● **Brief**
Take the line that contains "Solved Problem 4" and each one after it through the last line below, and retype them exactly. Leave out the pictures.

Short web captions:
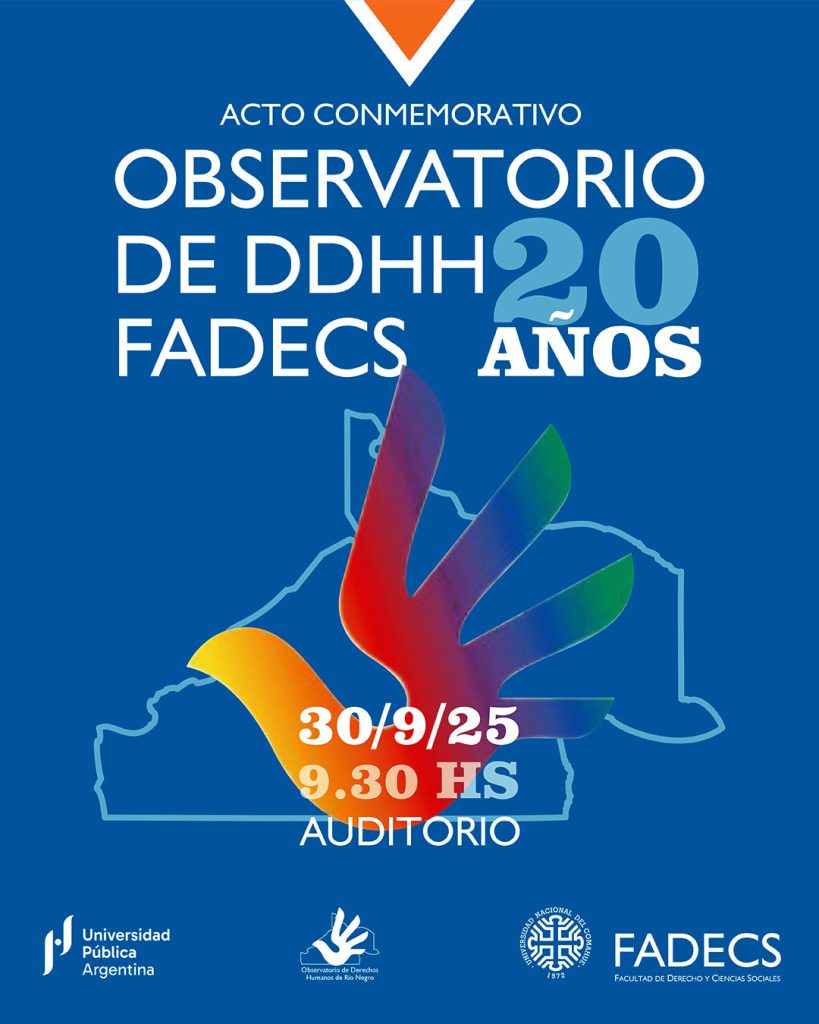 La FADECS invita a toda la comunidad, al acto conmemorativo de los 20 años de creación del Observatorio de DDHH de nuestra casa de estudios. El sábado 30 de agosto a las 9:30 se descubrirá una placa en el Auditorio "Abuelas de Plaza de Mayo", tal como dispone por resolución 268/2015 el CD de FADECS.
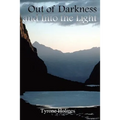 Out of Darkness and Into the Light - Paperback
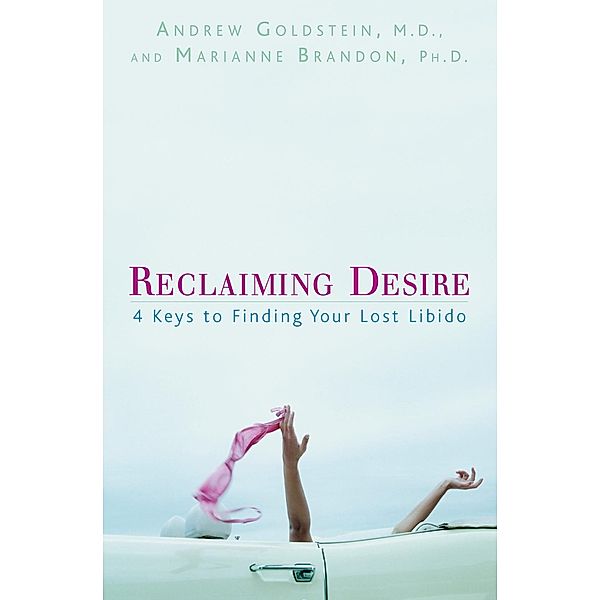 Reclaiming Desire, Andrew Goldstein, Marianne Brandon
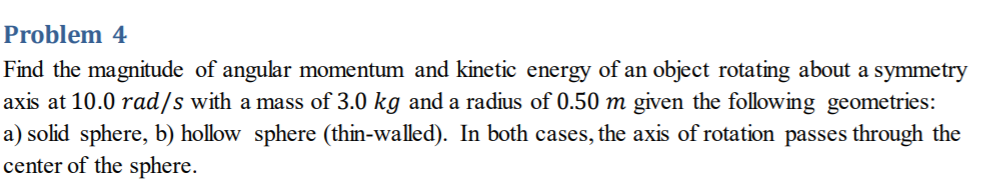 Solved Problem 4 Find the magnitude of angular momentum and | Chegg.com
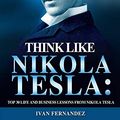 Cover Art for 9781720141402, Think Like Nikola Tesla: Top 30 Life And Business Lessons From Nikola Tesla by Ivan Fernandez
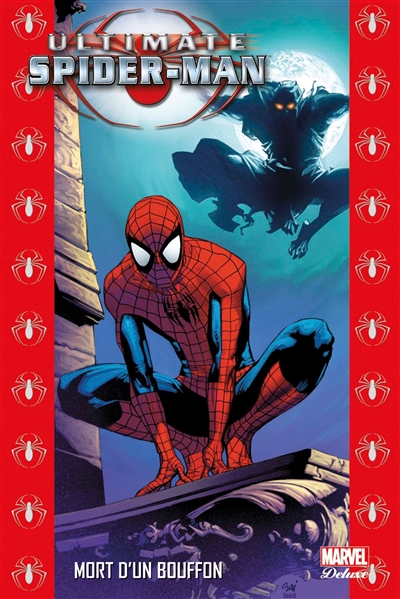 Ultimate Spider-Man. Vol. 10. Mort d'un bouffon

● **Written solution**
 Solved Problem 4 Find the magnitude of angular momentum and | Chegg.com
 Cover Art for 9781720141402, Think Like Nikola Tesla: Top 30 Life And Business Lessons From Nikola Tesla by Ivan Fernandez
 Ultimate Spider-Man. Vol. 10. Mort d'un bouffon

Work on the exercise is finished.